English mind reader, magician (born 1991)

Ryan Hicks (born 29 May 1991), best known by his stage name Ryan Tricks, is an English mind reader and magician. Ryan presents and stars in the BBC Three (online) series of Ryan Tricks On The Streets (aired November 2018) and Dirty Tricks produced by Vice Media on Channel 5 (first aired 23 January 2019).

== Early life ==
Ryan was born on 29 May 1991 at Wexham Park Hospital in Slough, Berkshire. Ryan first was inspired to do magic when his mother (Julie) bought him a magic kit for Christmas when he was eight years old. At the age of 15, Ryan's mother passed away. He has said that she was his main inspiration for becoming involved in magic.

== Career ==
Ryan was first brought to the public's attention in 2013 with appearance on Britain's Got Talent where despite getting through to the next round with three 'yeses', he was dropped before the live shows.
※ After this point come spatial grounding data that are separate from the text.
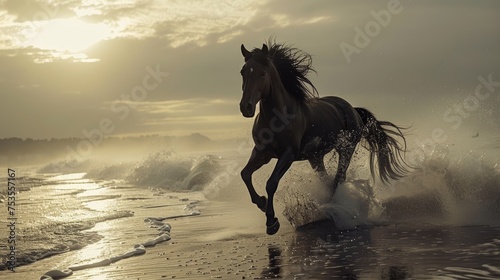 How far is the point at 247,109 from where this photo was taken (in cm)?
788

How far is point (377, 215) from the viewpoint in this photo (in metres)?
10.1

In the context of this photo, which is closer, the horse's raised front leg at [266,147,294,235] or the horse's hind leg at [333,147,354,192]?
the horse's raised front leg at [266,147,294,235]

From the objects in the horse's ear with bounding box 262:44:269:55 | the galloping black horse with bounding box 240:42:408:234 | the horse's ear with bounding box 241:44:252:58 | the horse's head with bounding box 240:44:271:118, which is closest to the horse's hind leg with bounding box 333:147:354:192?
the galloping black horse with bounding box 240:42:408:234

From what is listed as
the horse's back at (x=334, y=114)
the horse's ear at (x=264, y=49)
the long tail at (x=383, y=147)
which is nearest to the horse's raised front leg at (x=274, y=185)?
the horse's back at (x=334, y=114)

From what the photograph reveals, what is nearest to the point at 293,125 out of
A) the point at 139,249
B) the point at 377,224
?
the point at 377,224

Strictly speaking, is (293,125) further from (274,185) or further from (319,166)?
(319,166)

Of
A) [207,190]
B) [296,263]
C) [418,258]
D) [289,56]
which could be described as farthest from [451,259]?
[207,190]

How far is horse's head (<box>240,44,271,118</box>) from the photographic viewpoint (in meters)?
7.97

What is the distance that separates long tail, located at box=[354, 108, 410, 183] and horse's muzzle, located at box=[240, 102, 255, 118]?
4.29m

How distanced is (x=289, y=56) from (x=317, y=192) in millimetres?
2432

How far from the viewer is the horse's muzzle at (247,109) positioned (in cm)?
783

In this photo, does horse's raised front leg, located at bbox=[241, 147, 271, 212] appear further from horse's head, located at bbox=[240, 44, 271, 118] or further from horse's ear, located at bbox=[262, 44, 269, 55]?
horse's ear, located at bbox=[262, 44, 269, 55]

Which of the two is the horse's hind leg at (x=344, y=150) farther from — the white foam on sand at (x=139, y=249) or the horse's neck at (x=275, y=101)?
the white foam on sand at (x=139, y=249)

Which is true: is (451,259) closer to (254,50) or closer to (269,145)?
(269,145) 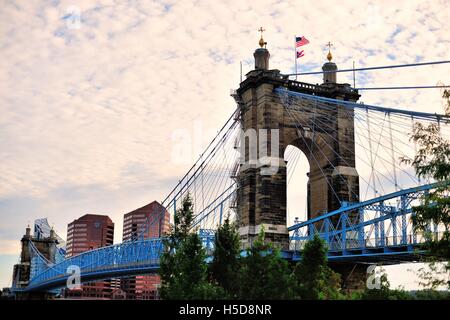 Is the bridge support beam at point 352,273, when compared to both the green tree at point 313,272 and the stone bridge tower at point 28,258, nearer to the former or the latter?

Between 2013 and 2018 Ryan moved to the online platform YouTube where he began to make his own style of videos which showed him giving back to the homeless and others in the community. This led to multiple videos going viral including one where he turned pennies into pounds for a homeless man. This did not go unnoticed. This is when BBC Three (online) commissioned a six part miniseries in which Ryan gave back to the community using his magic.

== Works ==

=== Television series ===
==== Series 1 ====

| Air Date(s) | Episode | Title | Length (minutes) | Broadcaster |
|---|---|---|---|---|
| 4 November 2018 | Episode 1 | Gift For Helping The Homeless | 5:52 | BBC Three (online) |
| 4 November 2018 | Episode 2 | Magic In The Garden | 5:49 | BBC Three (online) |
| 4 November 2018 | Episode 3 | Help To Stay Out Of Trouble | 7:26 | BBC Three (online) |
| 4 November 2018 | Episode 4 | Army Connections And Heroes | 6:59 | BBC Three (online) |
| 4 November 2018 | Episode 5 | Therapy For The Mind | 6:16 | BBC Three (online) |
| 4 November 2018 | Episode 6 | A Special Kind Of Magic For Mums | 6:54 | BBC Three (online) |

==== Series 1 ====

| Air Date(s) | Episode | Title | Length (minutes) | Broadcaster |
|---|---|---|---|---|
| 23 January 2019 | Episode 1 | Carnival | 1 hour | 5Star |
| 30 January 2019 | Episode 2 | Night Out | 1 hour | 5Star |
| 6 February 2019 | Episode 3 | Brighton Beach | 1 hour | 5Star |
| 13 February 2019 | Episode 4 | Date Night | 1 hour | 5Star |
| 20 February 2019 | Episode 5 | Football | 1 hour | 5Star |
| 27 February 2019 | Episode 6 | Freshers | 1 hour | 5Star |

=== Media Appearances ===

====Britain's Got Talent (series 7)====
Ryan performed a controversial effect in his audition in the seventh series of Britain's Got Talent as he is seen to have Alesha Dixon play Russian roulette with a staple gun against his own head.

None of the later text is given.